PK Identity as a convention, always more effective when there is a single int natural key?

  • So every table in the database has an identity ID field as the PK.

    If I take a table like Person and everything related to a person is a FK PersonID, what benefit does a normal ID field give here?

    It makes sure that the tables clustered index is always inserted to in order... though it's an artificial order having nothing to do with the table data.

    Since every join with these tables will be Person.ID <- table.PersonID, every index and join will reference PersonID as well as the ID, which is the actual address.

    If these truly are 1:1 tables, just extensions of the Person record, isn't it more effective to just have the PersonID as the primary key as that's what everything is going to be joining on? The application inserting records can just insert with a PersonID instead of trying to get back the Identity field

    I know there is a large divide between people who prefer artificial and natural keys. I normally lean on the artificial because I feel it's just a bit easier and maybe efficient to key off an int than what could a multiple field natural key. But in this case it seems like the natural key has more benefit with very little drawback on this very limited example of a 1:1 relationship.

  • You're right, this can be practically a religious war.

    In general, I've found that identity works well, but can be abused. In the situation you're describing for example, I'd go with what you're suggesting and not give those tables an identity column.

    Just remember, don't mix the primary key and the clustered index. Yes, by default the PK is clustered, but it absolutely doesn't have to be.

    "The credit belongs to the man who is actually in the arena, whose face is marred by dust and sweat and blood"
    - Theodore Roosevelt

    Author of:
    SQL Server Execution Plans
    SQL Server Query Performance Tuning

  • It is very much a debate.. I tend to prefer surrogate/artificial keys. Business keys tend to change over time and while they are definitely needed, but I rarely key tables off them. Grant is absolutely right that the PKey and Clustered index don't have to be the same, often they are.

    As far as identity vs. not, like many things, it depends. Sometimes I like to have more control over the value and want to prevent/control gaps, in those cases I handle the value myself. In other cases where speed is a major factor and/or control is not as pressing I go with identity.

    However many of these decisions come down to design philosophy and experience. And there is not necessarily a "right" answer for most cases.

    CEWII

  • I'm a surrogate key fan too. I do tend to treat them like natural keys on the child tables. I was taught a mechanism where the master tables are are identity but the child tables are collections of the parent tables, and clustered. It can work really well.

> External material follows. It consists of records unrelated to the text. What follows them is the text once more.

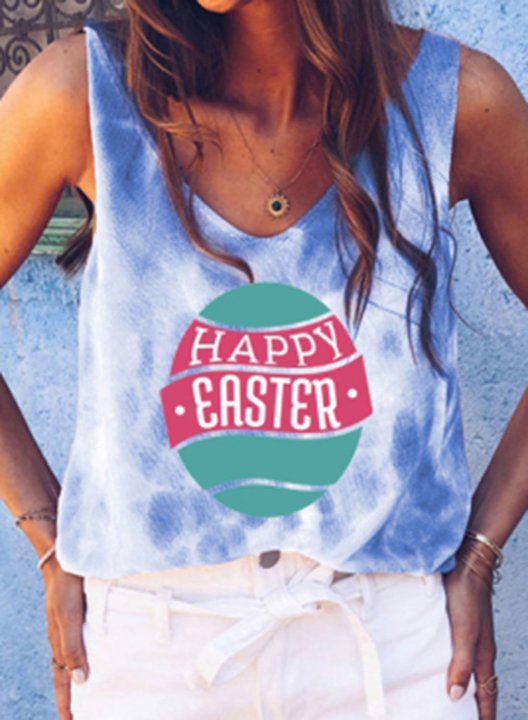 Women's Happy Easter Print Tank Festival Sleeveless Round Neck Casual Tank Top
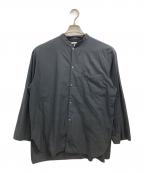 BLURHMSブラームス）の古着「CHAMBRAY STAND COLLAR CUFFLESS SHIRT」｜ブラック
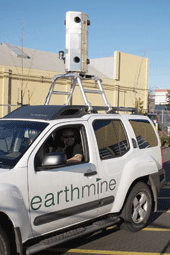 Wide-angle stereo camera mounted atop a vehicle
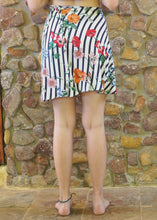 Load image into Gallery viewer, Wrap-Around Mini Skirt - Stripes and Flowers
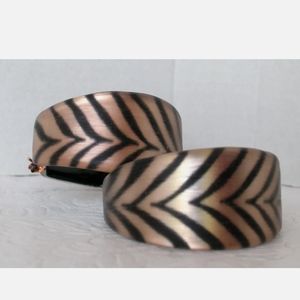 Alexis Bittar Black and Gold Chevron Earrings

    "The credit belongs to the man who is actually in the arena, whose face is marred by dust and sweat and blood"
    - Theodore Roosevelt

    Author of:
    SQL Server Execution Plans
    SQL Server Query Performance Tuning

  • Please allow me to spice it a little 🙂

    For starters, if you come to my desk with a 1:1 relationship better for you to have very, really strong arguments about why those two tables are not just one. I'll ask how and why a single entity is being implemented that way and I'll want to see the rationale of it from A to Z.

    In regards to PKs, in general I prefer natural keys for OLTP systems while I favor the use of surrogate keys on some DSS tables, specifically on Dimesion tables.

    Just my two cents.

    _____________________________________
    Pablo (Paul) Berzukov

    Author of Understanding Database Administration available at Amazon and other bookstores.

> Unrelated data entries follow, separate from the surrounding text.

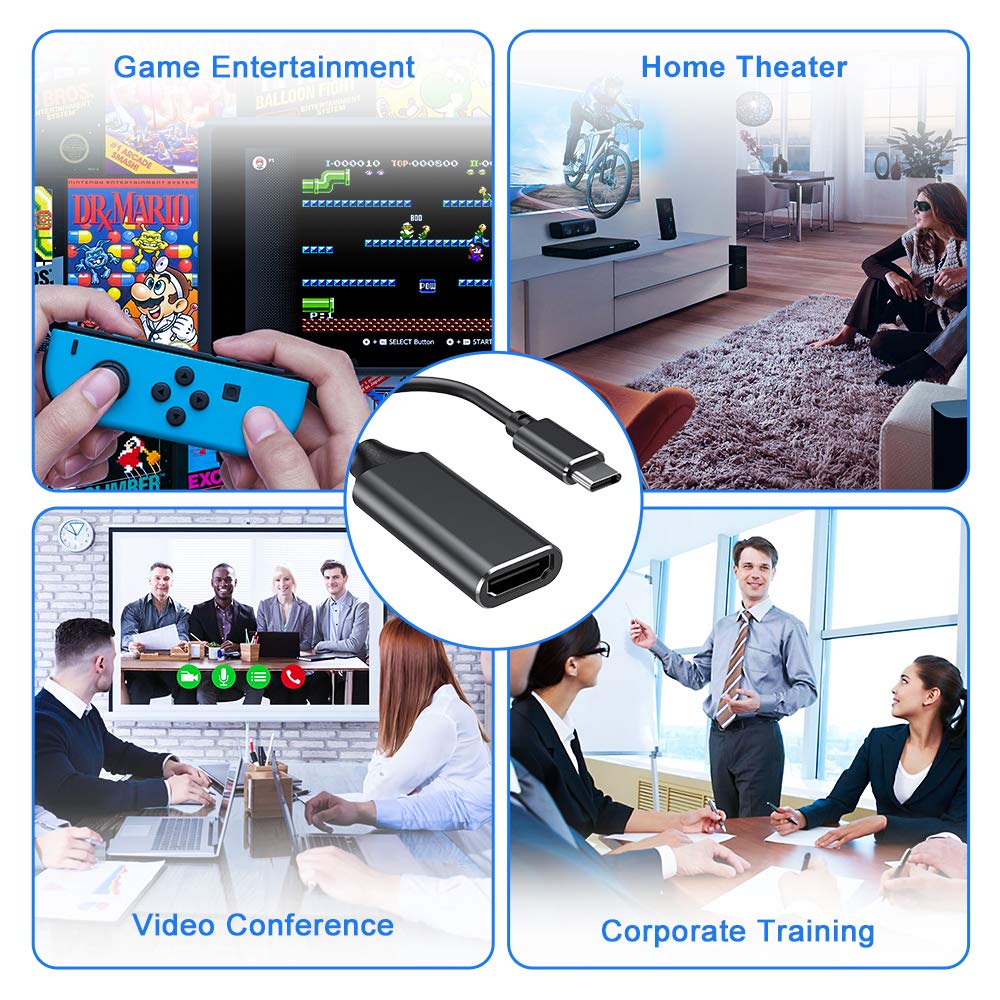USB C to HDMI Adapter, Type c to HDMI 4K with Video Audio Output for iPhone 15,MacBook Pro Samsung Note, Huawei Mate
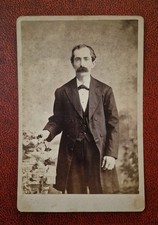 Antique c1880s-90s Cabinet Card Handsome Thick Mustached Man Philadelphia PA  picture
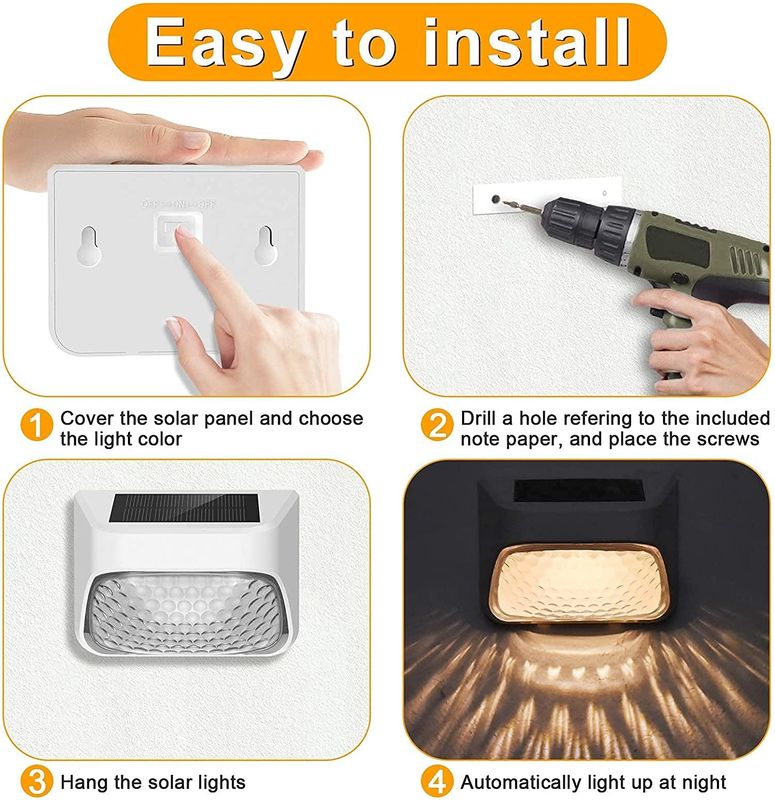 Tempo di lavoro duraturo di 15 ore Luce di recinzione solare con pannello di silicio monocristallino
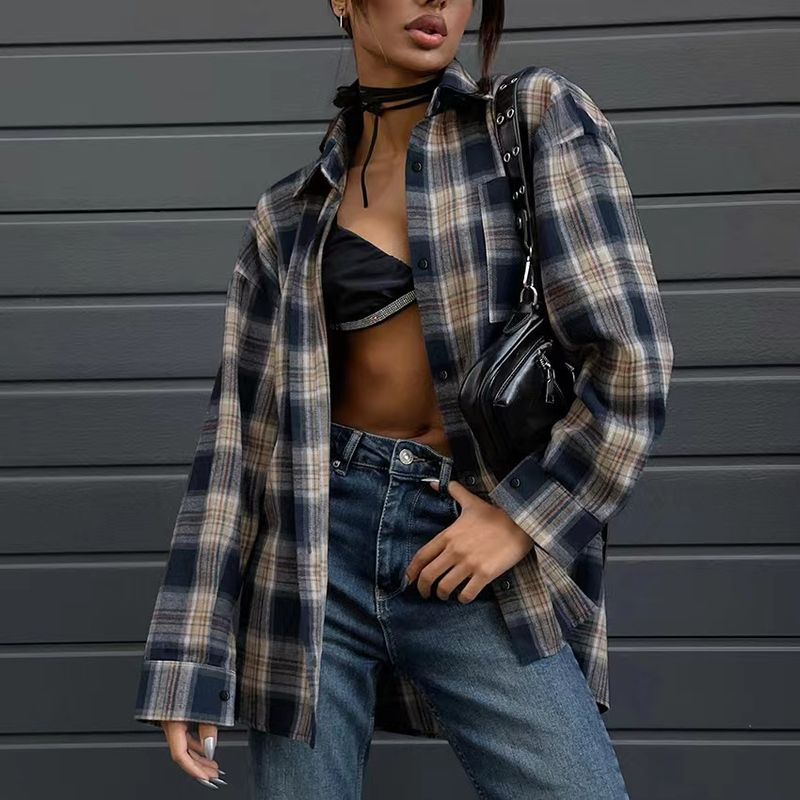 

New Arrival French Style Retro Checked Shirt Easiest for Match Loose Casual Polo Collar Shirt Fashion Plaid Shirt Plaid M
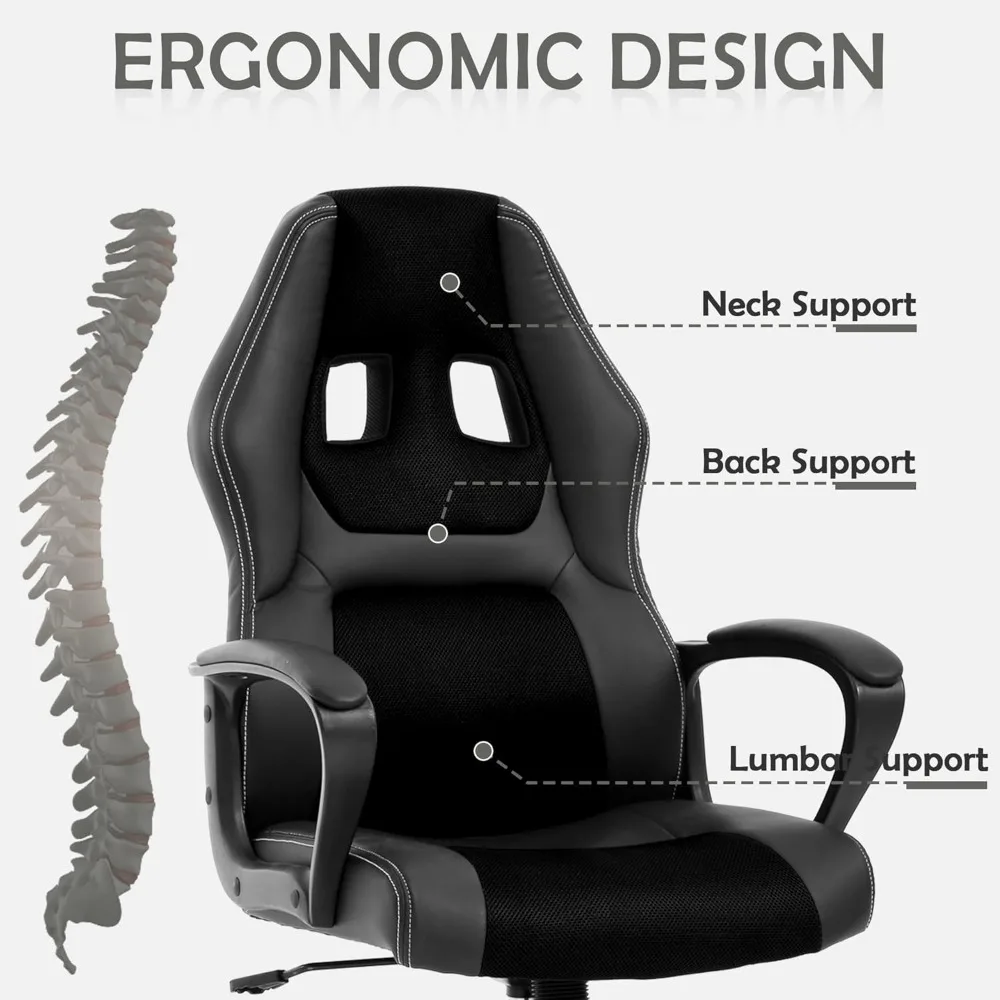 Ergonomischer Bürostuhl, Videospiel computer Leder Schreibtisch rennen, bequeme Massage, einfach zu installieren, hohe Menge Gamer Stühle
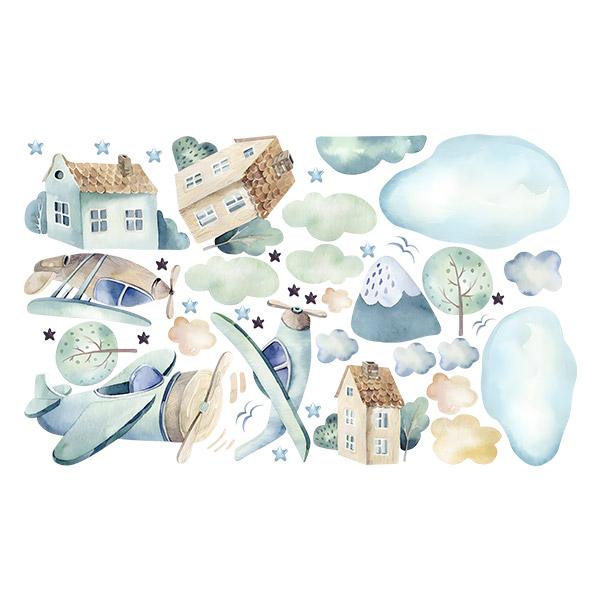 Stickers for Kids: Airplanes, clouds and houses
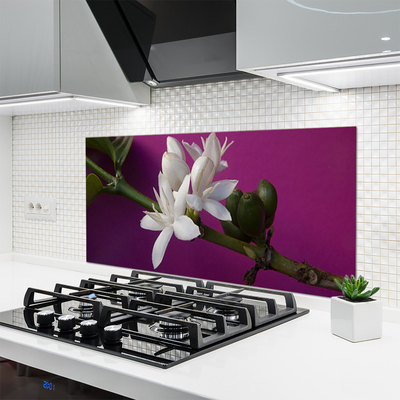 Kitchen Splashback Flower stalks floral white green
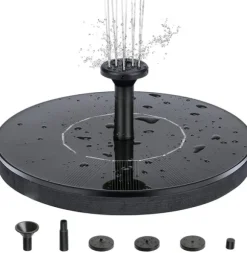 Vattenfontän solcellsdriven 13 cm Svart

    Disclaimer: Advice is provided to the best of my knowledge but no implicit or explicit warranties are provided. Since the advisor explicitly encourages testing any and all suggestions on a test non-production environment advisor should not held liable or responsible for any actions taken based on the given advice.
  • Grant Fritchey (5/29/2011)


    You're right, this can be practically a religious war.

    In general, I've found that identity works well, but can be abused. In the situation you're describing for example, I'd go with what you're suggesting and not give those tables an identity column.

    Just remember, don't mix the primary key and the clustered index. Yes, by default the PK is clustered, but it absolutely doesn't have to be.

    Yes, you're correct. I'm being lazy by not differentiating them, but generalizing based on my own current schema.

    Thank you.

  • PaulB,

    I agree about 1:1 tables, there are not many times I go for those. As for the surrogate vs. natural discussion, it depends..

    CEWII

  • PaulB-TheOneAndOnly (5/30/2011)


    For starters, if you come to my desk with a 1:1 relationship better for you to have very, really strong arguments about why those two tables are not just one. I'll ask how and why a single entity is being implemented that way and I'll want to see the rationale of it from A to Z.

    If I was dealing with relatively normalized data I think I'd share your opinion a bit more.

    In fact if a Person Table always needed 100 fields in one shot, why not have a 100 field table? Why make it 5 tables? What if Person Table has 100 fields, only 3 will be provided up front, another 10 later on and another 15 at another stage. Many fields are in groupings that only apply to 1-60% of the rows, so there are just a lot of nulls being replicated... or a bunch of default values indicating that nothing has been selected.

    I'm working in a system trying to be a OLTP and OLAP and doing neither very well. Things are not denormalized properly enough to make for fast easy reporting, and things aren't normalized enough to prevented bloated records filling up pages for no reason. IMO, sometimes something can be said easier and more efficiently by just not even existing than existing and telling the application to ignore it.

    If I could just just download your brain Paul I'm sure I'd take that advice and run with it, but I don't have your experience and this seems to be the most linear path to a maintainable system. A more normalized database.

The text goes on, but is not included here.